I’m working on some tooling acceptarium for extracting structured data from scanned receipts for importing into PTA ledgers. The goal is to be entirely agnostic as to the PTA tool used (ledger-cli, hldeger, beancount, whatever). For the whole workflow to be sane we need to have some intermediary format for the structured data while we’re extracting it. I’m wondering if there are any semi-standardized schemas for this that would make life easier to start with rather than hand rolling one from scratch.
I’m not so much concerned with a file format (e.g. JSON, TOML, CSV, etc) as I am with the data schema itself. Is there a standard set of fields and field names used to represent receipts? I know there are some elaborate XML formats for general financial transactions but they are so complicated they don’t make any sense for an in-memory data struct schema and don’t really make sense as an intermediary to relatively simple PTA formats either.
Bridging the gap between real world and the precision of PTA (or to any other computing tool) is a classic engineering challenge. Very forward-thinking open source ai project at last.
first things come to my mind is vendor, date, currency, total, tax, line items? (really hard part)
Validation: You can easily verify if sum(items) + tax == total before it ever touches your journals. if you can master the line items part.
Easy there mate! This isn't primarily an 'AI project'. Besides the fact that I'm adamantly opposed to any iteration of ML being conflated with 'intelligence', the use of vision models instead of traditional OCR techniques and other LLMs instead of regex or other pattern matching are both completely optional. Also the project is hand coded with love not vibe coded, so lets not label it as primarily an 'AI' project even if the non-deterministic elements might prove to be big time savers.

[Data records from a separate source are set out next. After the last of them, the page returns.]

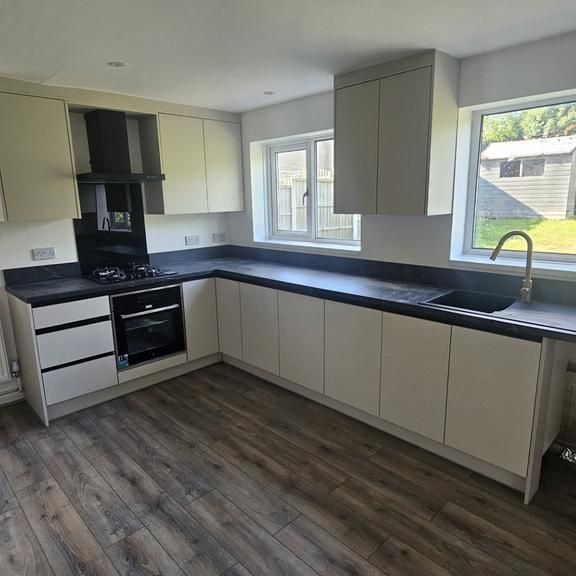 4 bedroom semi-detached house to rent - Photo 1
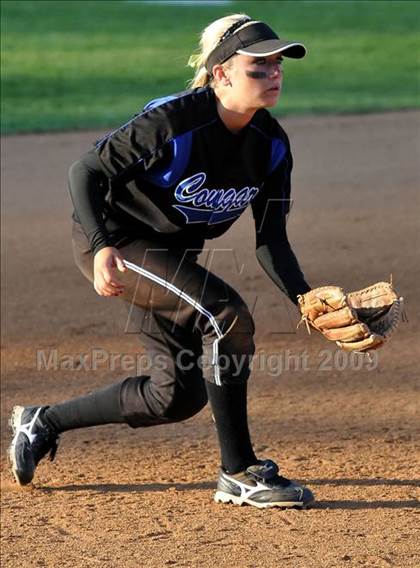 Thumbnail 3 in Santiago vs Norco (CIF SS D1 Final) photogallery.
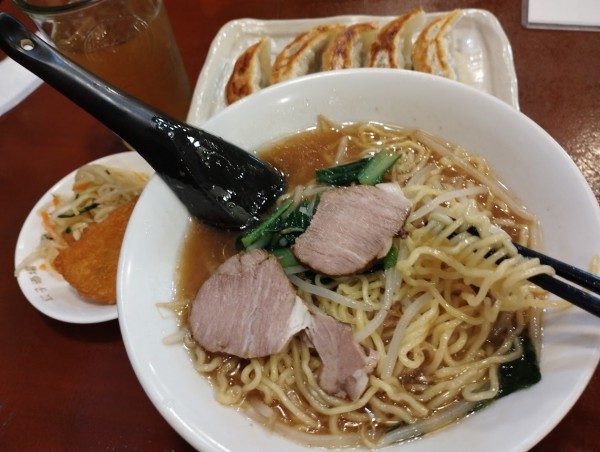 「ランチ 味噌ラーメン＋焼き餃子5個(750)」@24時間 餃子酒場 青物横丁店の写真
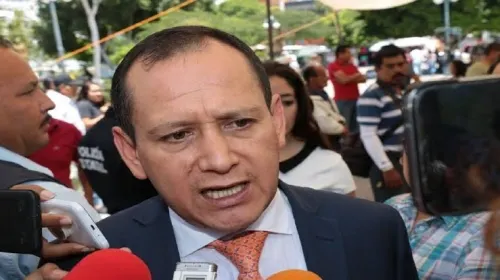 Quien no pueda con la inseguridad que se vaya, concuerda Tlachi con Barbosa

Thanks, but I have those fields already covered in the current prototype (except for tax which is a rabbit trail). Line items aren't that hard, it turns out the least reliable bits to extract tend to be things that vary more such as any form of unique transaction ID which varies wildly by vendor and vision models tend to mix up what field of several is the most likely candidate for an actual transaction code.
The items like seems to work pretty well for a pretty wide range of vendors. Mapping these to people's desired account list might actually prove to be harder than identifying a list of items. And of course the long tail of edge cases such as "item 1, qty 2, total $16.00" followed by "discount code, qty 1, $-4.00" or other weird things like multiple different tax rates on a single item do tend to throw spurious results.
Speaking of taxes though — it would be useful to hear from people that do record sales taxes separately from other expenses. I opened this issue upstream for gathering feedback if anybody wants to pitch in.
Validation will mostly happen by exporting/printing to a PTA ledger format and using the actual PTA tool to do whatever validation the user chooses to run. We won't be touching journals that have other data in them anyway.
Back to the topic at hand, just adding some notes on existing formats:
We could probably use a subset of fields described in OFX to have some level of standardized data schema, but OFX does not support splits at all.
On the other hand QIF supports splits, but is more of a description of an obtuse plain text format rather than a data schema.